A discussão revelou o grau de tensão instalado no Supremo em virtude dos acontecimentos políticos. Prosseguindo a votação, o habeas corpus foi concedido com os votos favoráveis dos ministros Vítor Nunes, Gonçalves de Oliveira, Vilas Boas e Cândido Motta Filho. O acórdão irritou o governo, que, no entanto, respeitou a decisão do Supremo. Casos semelhantes multiplicaram-se desde então, até que o Tribunal se viu privado da sua competência de julgá-los, passando-os para a atribuição exclusiva da Justiça Militar. Enquanto durou o governo Castelo Branco, que se orgulhava de ser um legalista, a situação perdurou, dando origem a uma hostilidade crescente dos militares em relação ao Supremo. Este, apesar de todas as pressões e das diferenças ideológicas entre os ministros, prosseguia inabalável no exercício da função que lhe competia, de acordo com a Constituição de 1946. Suas decisões desencadeariam novas críticas. (COSTA, 2006, p.163)

Outro caso importante, de novembro de 1964, foi o do Habeas Corpus a favor do governador do Estado de Goiás Mauro Borges submetido a tribunal militar quando tinha prerrogativa de foro a Assembléia Legislativa do Estado. Em informações dadas pelo ministro da justiça Milton Campos, o mesmo justifica a atitude em razão do Ato Institucional nº 1. O ministro Gonçalves Dias concedeu o Hábeas corpus afirmando que a constituição limitava os poderes da justiça militar. (Cf. COSTA, 2006, p.163) A Justiça militar (...)

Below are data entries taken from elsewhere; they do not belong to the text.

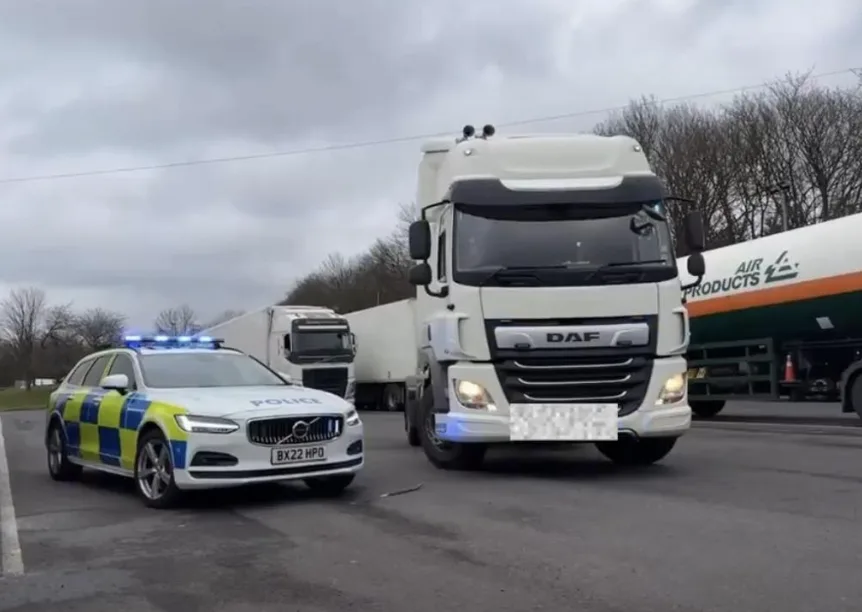 West Midlands Police Launch Major Motorway Crackdown: 30+ Vehicles Stopped for Seatbelt, Mobile Phone, Licence and Insurance Offences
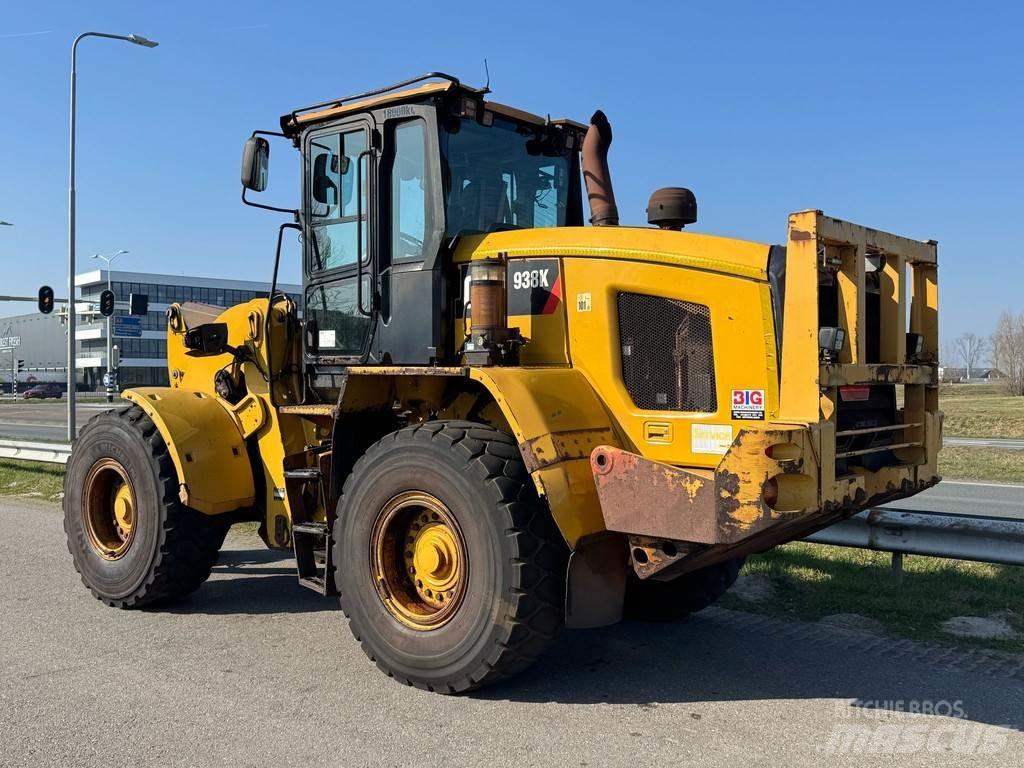 CAT 938K Колесни товарачи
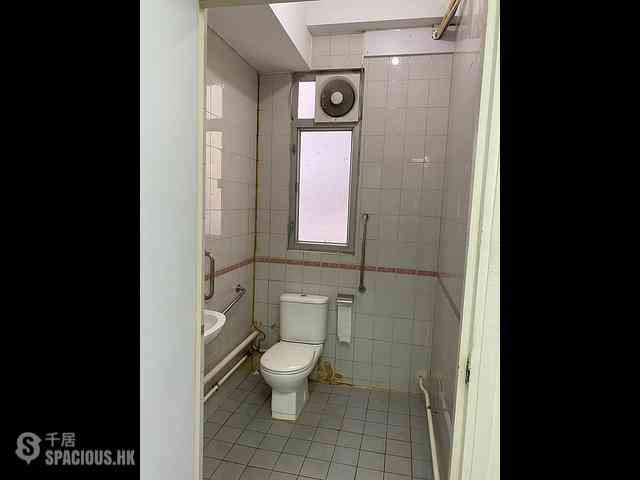 Wan Chai - Kingswell Commercial Tower 16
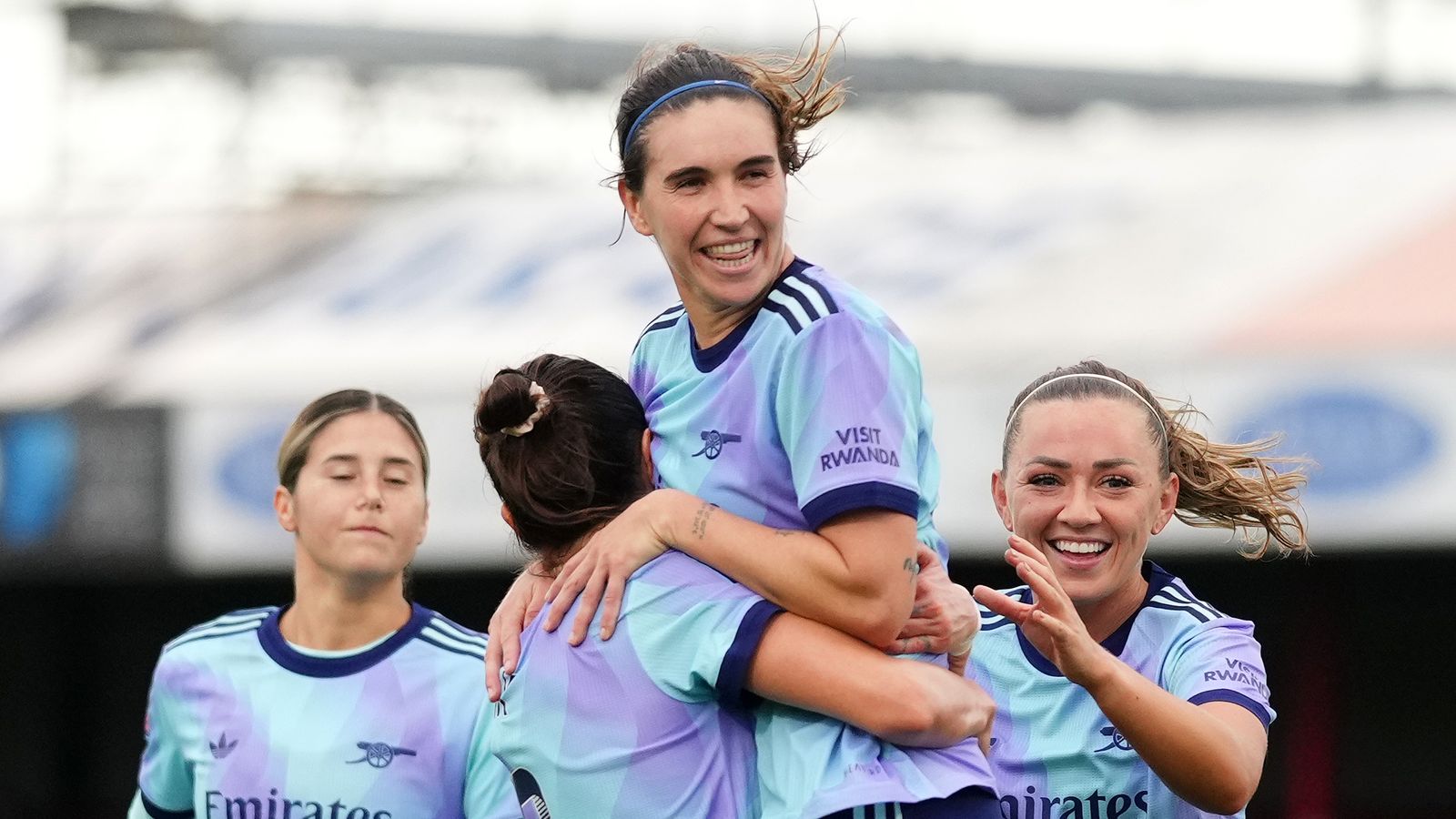 Women's Super League roundup Man City climb top as Lauren Hemp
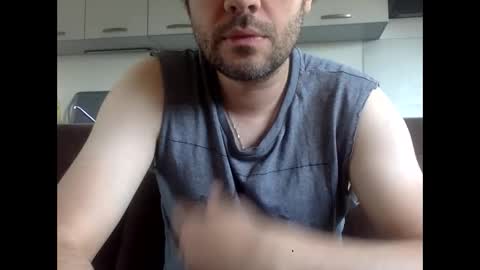 Snapshot of frenchy_from_paris chatting on May 2026 09:03:02 AM frenchy_from_paris online show from May 2026 09:03:02 AM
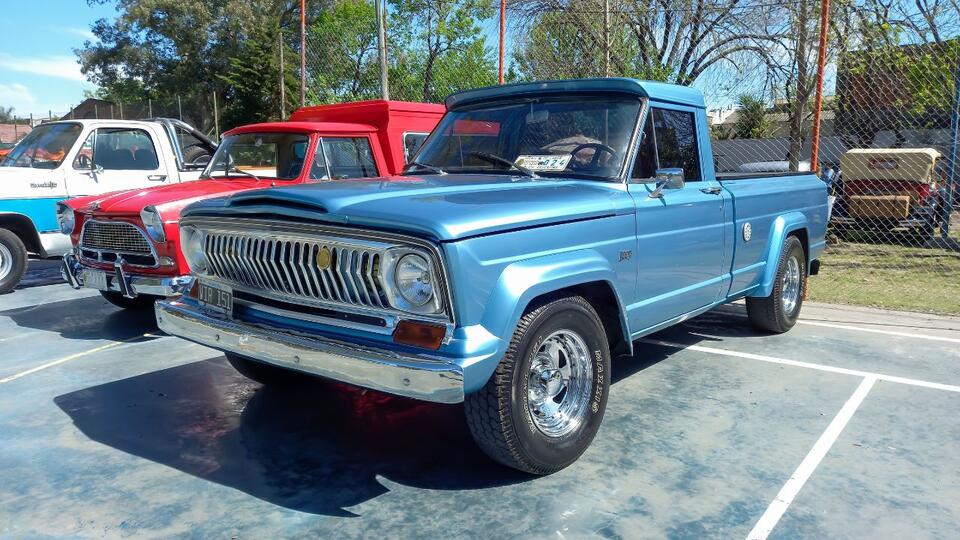 Old-School Pickups Everyone Wants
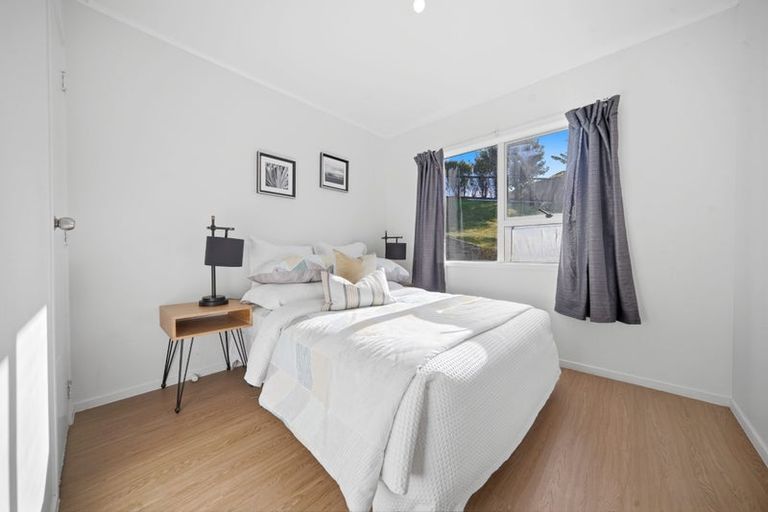 Photo of property in 10 Celeste Place, Totara Vale, Auckland, 0627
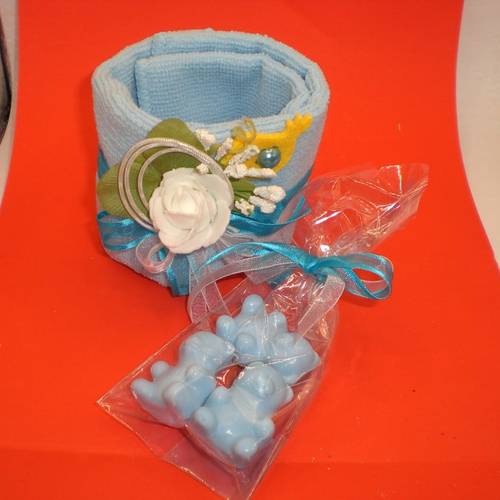 Mignons petits savons de 3 oursons dans leur serviette en forme de panier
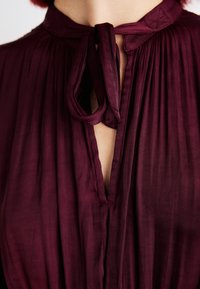 GAP LS SATIN MIDI DRS - Dienas kleita - noir red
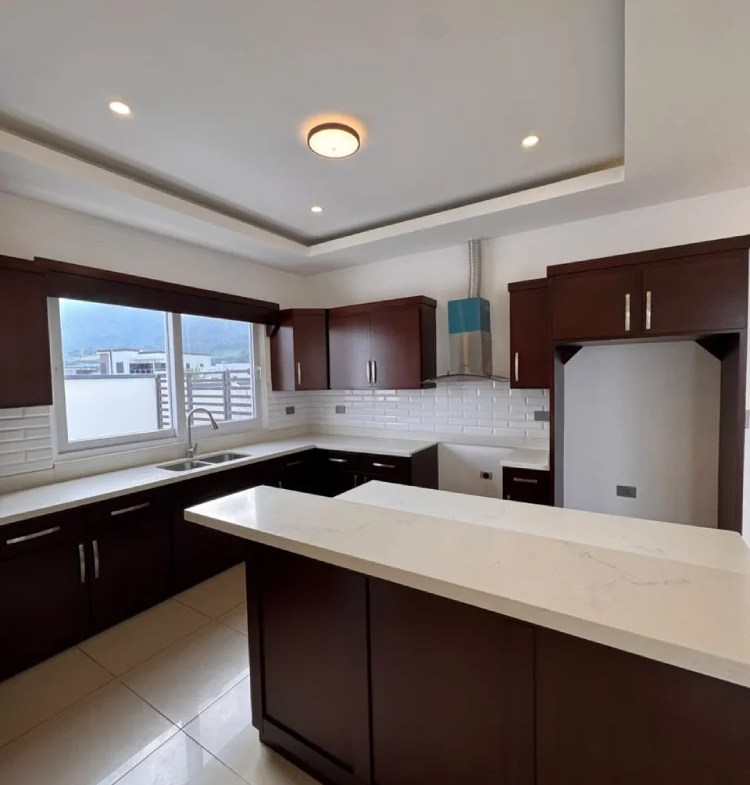 Casa con cocina amueblada con muebles de lujo san pedro sula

(...) só poderia se estender aos civis em casos de crimes contra a segurança externa do país ou das instituições militares. Por duas vezes, tentara-se acrescentar a expressão interna ao dispositivo legal, mas ambas, felizmente, haviam falhado, caso contrário, no dizer do ministro, "a propósito de simples revolta, poder-se-ia arrastar os civis à barra das cortes especiais para as forças armadas". Ao encerrar, o ministro relator fez um discurso que merece ser transcrito pela sua coragem. Suas palavras evidenciam o desejo, tantas vezes expresso por outros ministros em circunstâncias semelhantes, de manter a independência do Poder Judiciário em tempo de crise:

A Constituição é o escudo de todos os cidadãos, na legítima interpretação desta Suprema Corte. É necessário, na hora grave da história nacional, que os violentos, os obstinados, os que têm ódio no coração, abram os ouvidos para um dos guias da nacionalidade, o maior dos advogados brasileiros, seu maior tribuno e parlamentar, que foi Rui Barbosa: Quando as leis cessam de proteger nossos adversários, virtualmente, cessam de nos proteger. (COSTA, 2006, p.164)

O hábeas corpus foi concedido por unanimidade, mas o presidente Castelo Branco interviu no Estado de Goiás de qualquer forma, desrespeitando a decisão do STF.

(...) Supremo Tribunal Federal concedeu por unanimidade o habeas corpus a Mauro Borges. Em resposta, Castello decretou a intervenção federal em Goiás. Mauro Borges foi deposto, mas o derrota do foi o marechal. “A linha dura prevaleceu”, reconheceria Geisel mais tarde. Golbery, ao analisar esses desastrados acontecimentos, mostrava-se otimista, julgando “superados incidentes menores”. (GASPARI, 2002a, p.187)

Outra decisão importante foi a do caso do Governador de Pernambuco Miguel Arraes de Alencar deposto junto ao golpe militar de 1964, tentou-se inicialmente hábeas corpus, ainda em 1964, alegando-se a incompetência da Justiça militar para julgar governadores de Estado, porém o hábeas corpus não foi concedido. Em abril de 1965 foi novamente impetrado hábeas corpus, interposto pelos advogados Heráclito Fontoura Sobral Pinto e Antônio de Brito Alves, no STF a favor de Arraes, mas com novo fundamento. O governador estava preso há mais de um ano sem julgamento.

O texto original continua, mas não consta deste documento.